Are IT security pros optimistic or naïve?

Half of IT security practitioners in the U.S. view their organization as an unlikely target for attack, according to a Ponemon Institute survey of 614 IT security practitioners in the U.S. who are familiar with threat detection technologies deployed by their organization and are involved in advanced threat detection activities.

This largely positive outlook could be contributing to a lack of cyber-preparedness as 61 percent of respondents admitted a lack of confidence in their organization’s ability to detect advanced threats.

“This research reveals some major disconnects that IT professionals seem to have between perception and reality. While even circumstantial evidence points to the increasing volume and severity of cyberthreats, it’s shocking to learn that half of security pros don’t even view themselves as a target,” said Dr. Larry Ponemon, chairman and founder of the Ponemon Institute. “We’re also seeing discrepancies in the way teams are viewing and reacting to advanced persistent threats. Overall, they’re not confident in their ability to detect advanced threats, but they’re not doing much about it. It’s clear that new solutions are needed.”

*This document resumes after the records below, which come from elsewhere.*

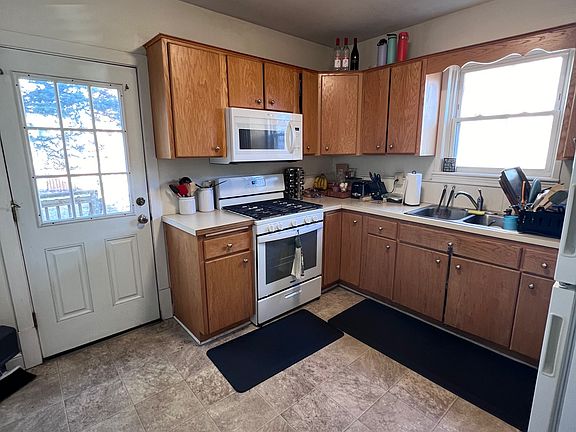 Kitchen has a new stove and microwave. Door leads to the deck and the large backyard.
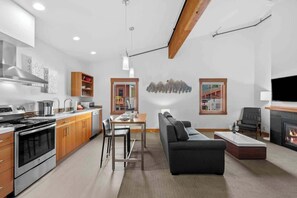 Eine moderne Küche mit Edelstahlgeräten, ein Essbereich mit Tisch und Stühlen, ein schwarzes Sofa und ein Kamin.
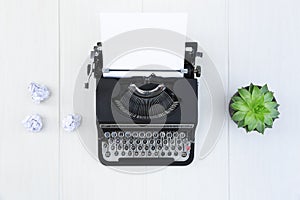 Old black typewriter with blank sheet of paper on wooden desk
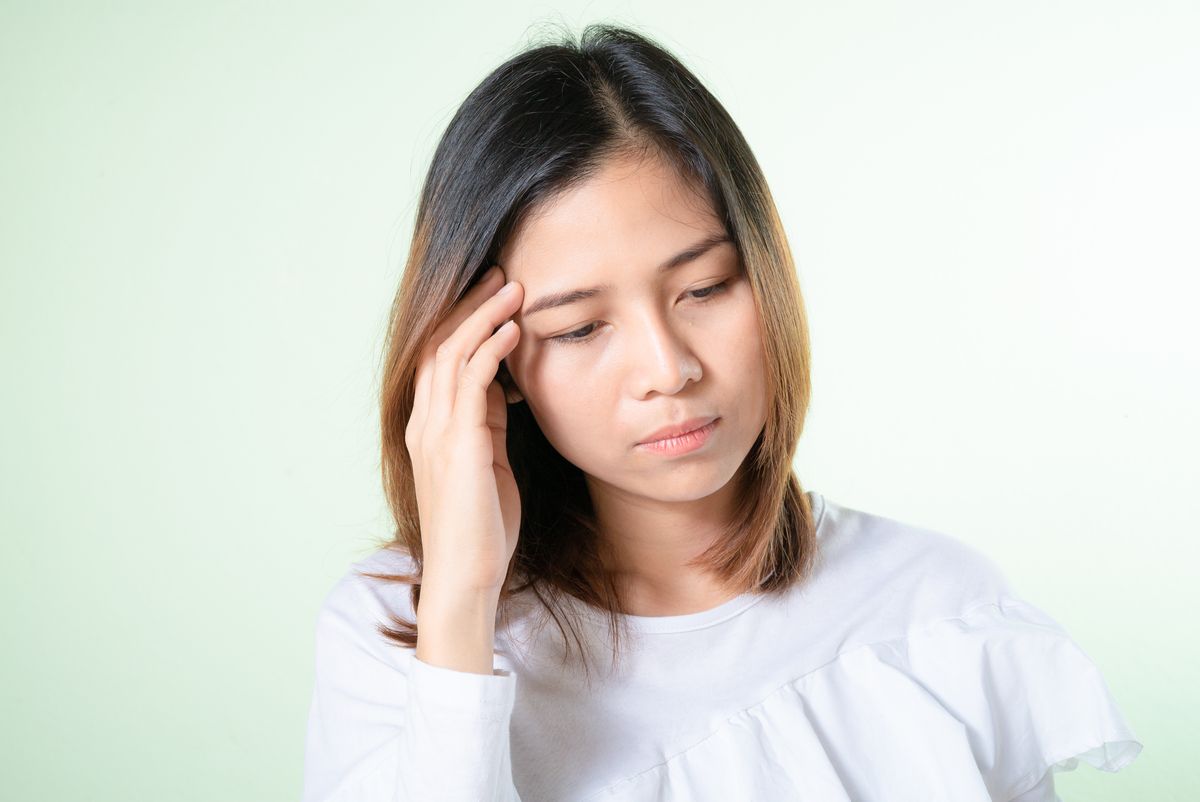 Person holding head in pain — migraine headache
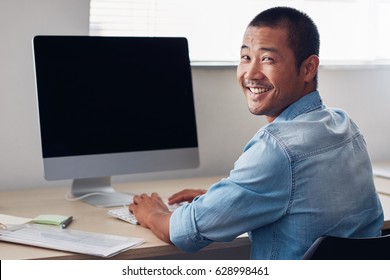 Content Young Asian Entrepreneur Looking Over His Shoulder While Working Alone On A Computer In A Clean, Modern Office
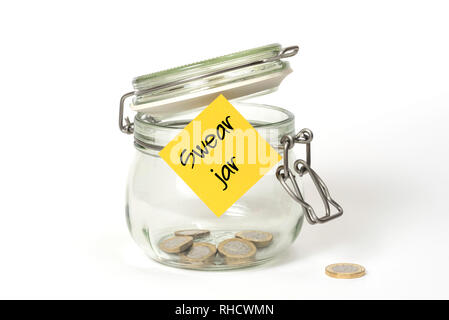 Swear jar. Glass food jar isolated on white background filled with coins and sticky note on outside Stock Photo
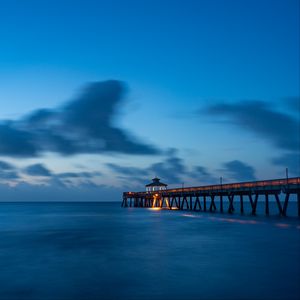 Preview wallpaper pier, sea, dusk, water, clouds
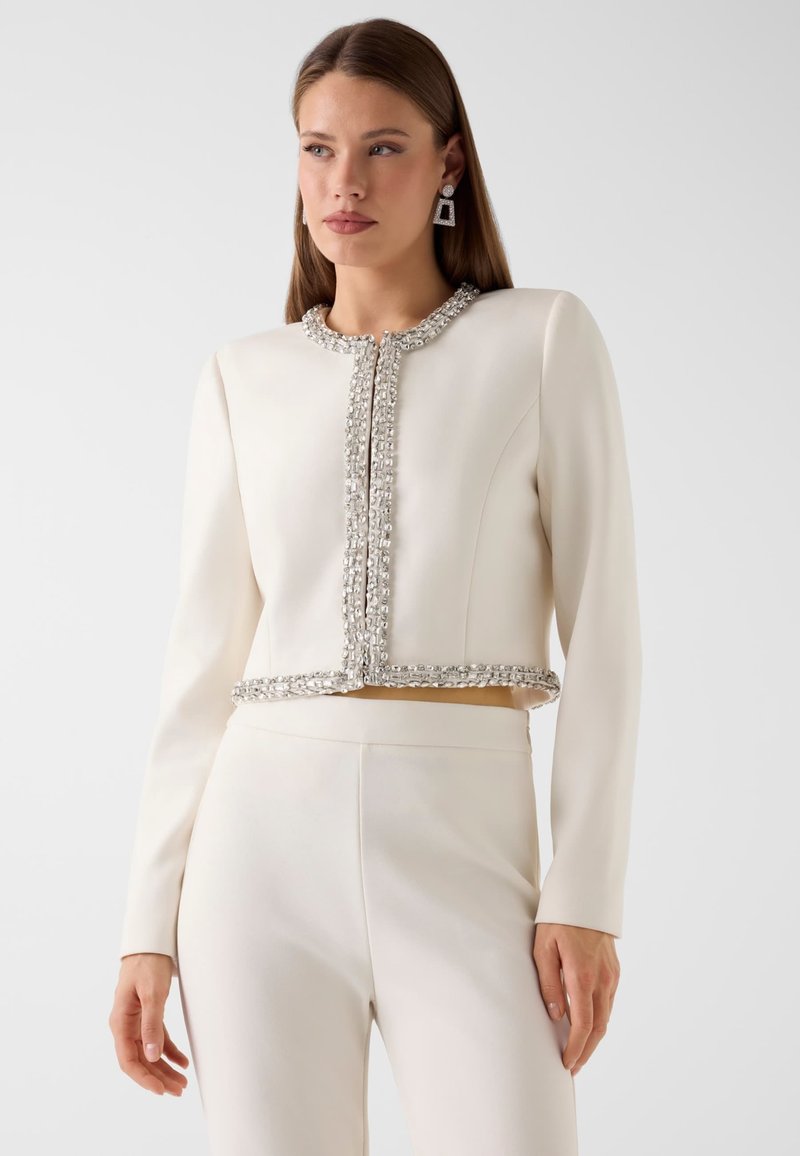 Mujer con conjunto de chaqueta corta y pantalones en color blanco roto, con ribete decorativo en los bordes de la chaqueta y pendientes a juego.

When asked what type of cyberattacks cause the greatest concern, the most common answer by far was advanced persistent threats (67 percent), followed by zero-day attacks (57 percent) and login attacks (37 percent).

Despite this high level of concern and a lack of confidence in their ability to detect advanced threats, respondents expressed a surprising disconnect in their urgency to make changes that would address these issues. When asked how their use of advanced threat detection technologies would change 12 months from now, 49 percent said their usage would either not change (43 percent) or decrease (6 percent).

While only 36 percent of respondents are using security analytics, a vast majority see the impact:

  • 90 percent believe security analytics is either essential (19 percent), very important (45 percent) or important (26 percent) to their organization’s ability to maintain strong security.
  • Security analytics helps improve the speed at which indicators of compromise are detected. While studies consistently show that data breaches can persist for months before being detected, respondents say their company receives intelligence within seconds (6 percent), minutes (11 percent) or hours (34 percent) once security analytics has detected an anomaly.

    Respondents shared insight into their perception and usage of machine intelligence:
    • 83 percent believe machine learning is important to achieving a strong cybersecurity posture.
    • A core competency of machine learning behavioral analytics – “baselining” normal behavior – is viewed as important, but is underutilized. Fifty-nine percent of respondents believe spotting the difference between abnormal and normal behavior is important to identifying suspicious artifacts that could verify potential intrusions. However, only 38 percent say their IT security team can do so.
    • The main reasons for investing in machine-generated solutions are to speed up the detection of anomalies (65 percent of respondents), increase the speed of intelligence generation (55 percent of respondents), improve the accuracy of intelligence (50 percent of respondents) and reduce the severity of attacks experienced (49 percent of respondents).
    • To assess the value of machine-generated intelligence, companies are most likely to measure both the increased ability to respond quickly to an existing cyberattack and whether they could successfully prevent the exfiltration of confidential information.